Lightened Lemon Poppy Seed Loaf
55 min
Under an hour

Hana Pospíchalová
Ingredients
Preparation method
Ingredients overview
- 100 g buttermilk
- 1 lemon
- 2 eggs
- 50 g sugar
- 50 g erythritol
- 1 teaspoon vanilla extract
- 150 g fine spelt flour
- 50 g corn polenta
- 15 g poppy seeds
- 5 g baking powder
- 5 g baking soda
- 60 g sunflower oil
- Baking paper
Crack the eggs and separate the yolks from the whites. Whisk the whites with a pinch of salt until stiff peaks form. Whisk the yolks with sugar and erythritol until foamy. Add lemon zest, juice from the whole lemon, buttermilk, and vanilla extract. Add all dry ingredients and mix. Then pour in the oil and incorporate it into the batter.
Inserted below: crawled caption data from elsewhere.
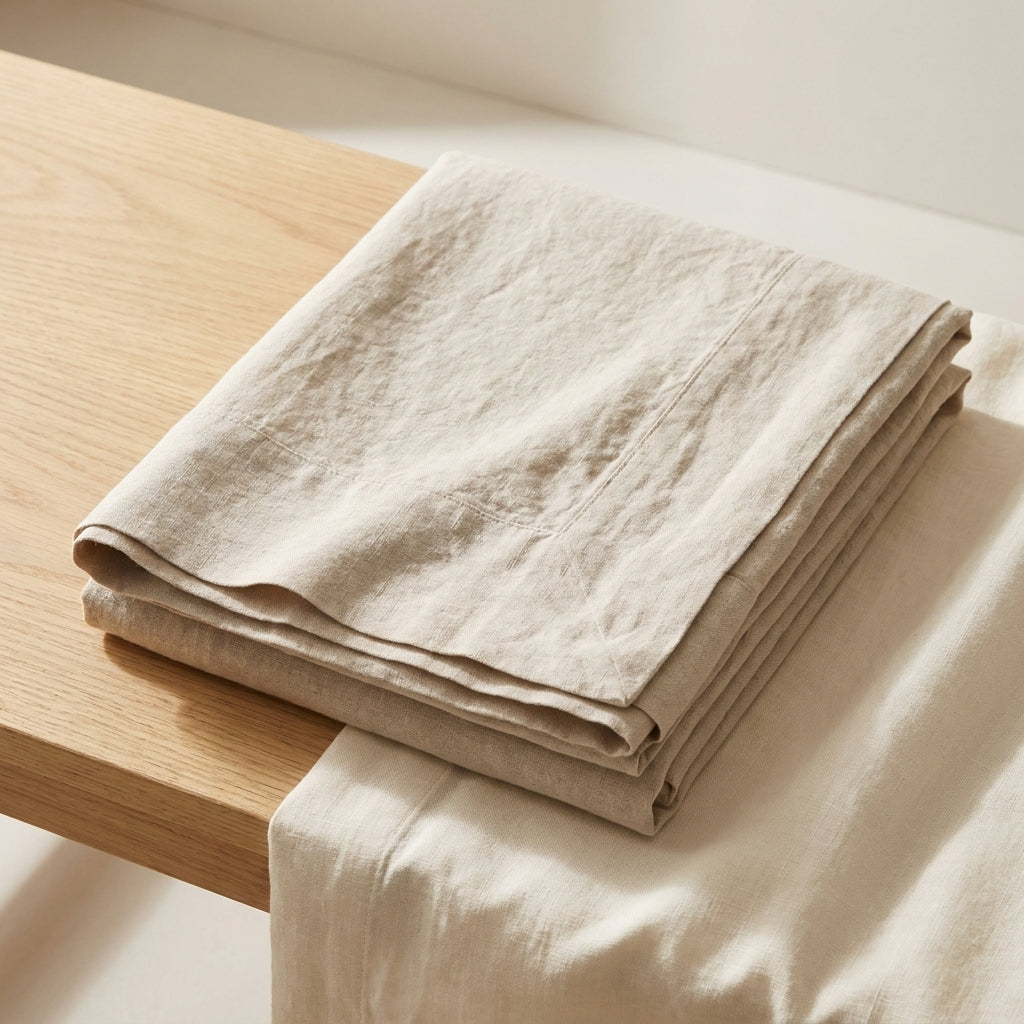 Drap Plat en Lin Français Lavé - Linge de Lit Luxe 100% Lin Naturel - StudioSoie
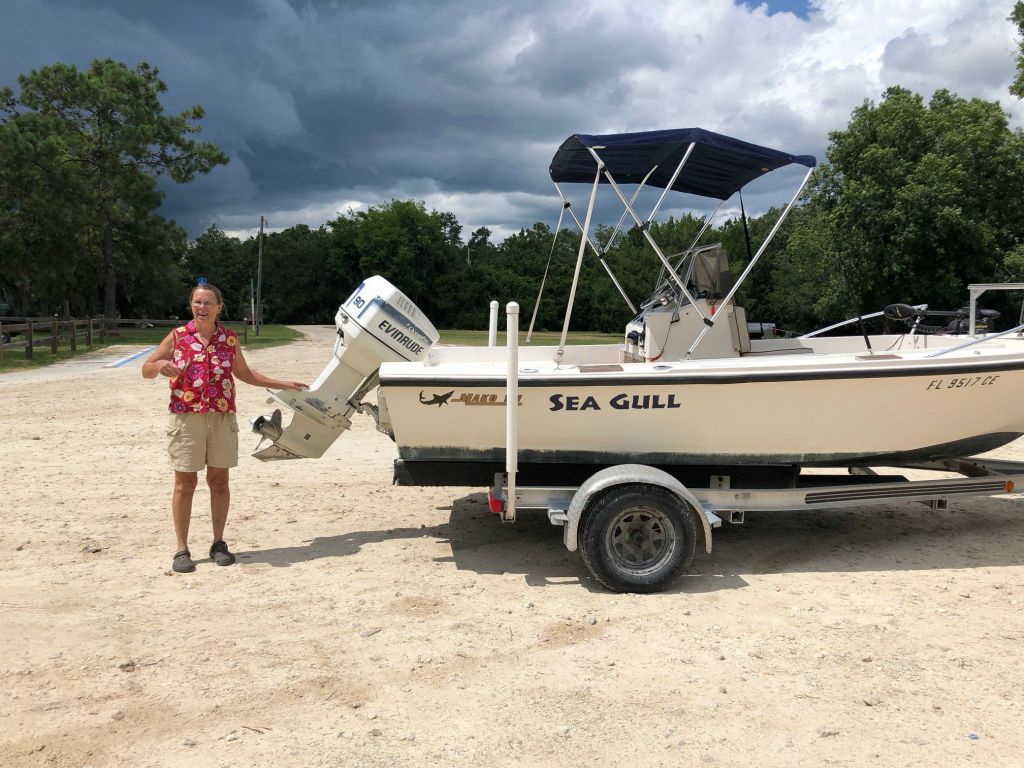 We have a boat! On Sunday, June 30, 2018 we took the boat on it's maiden voyage at the mouth of the Aucilla River in St Marks National Wildlife Refuge. 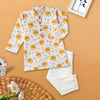 Cute Lion Faces Print Kurta Pajama Set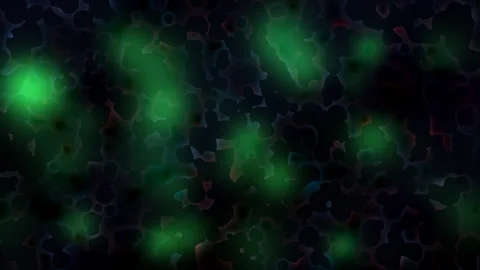 Glowing circles drift across a dark abstract field Vídeo Stock 329897310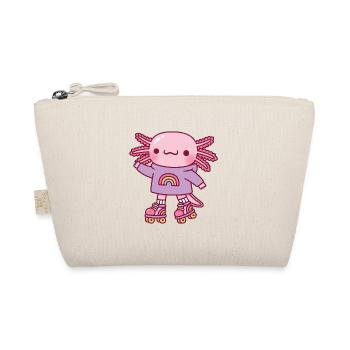 Mignon Axolotl Avec Sweat À Capuche Et Patins À Roulettes - Trousse biologique - nature - Devant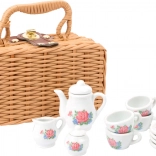 Kleines Kaffee-Set im Koffer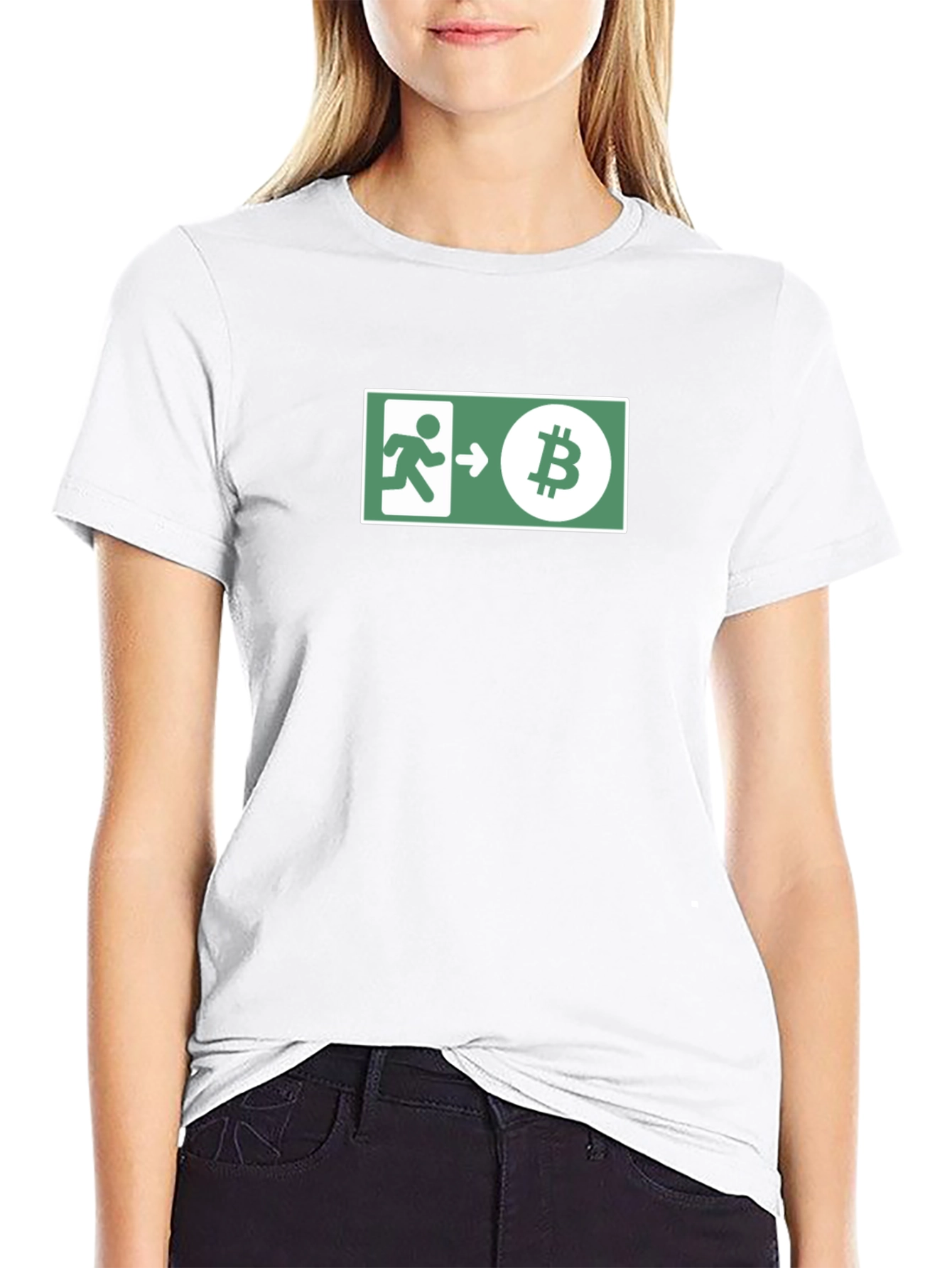 Bitcoin Exit Strategy T-Shirt - Crypto Humor Tee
Finally, add the egg whites. Gently fold them into the batter with a spatula; do not whisk.
Preheat the oven to 170 °C with top and bottom heat.
Line a loaf pan with baking paper and pour the batter into it. Smooth the surface and place it in the oven. Bake for 35-40 minutes. Test the doneness of the loaf with a skewer; once the batter no longer sticks to the skewer, it is baked through and can be removed from the oven.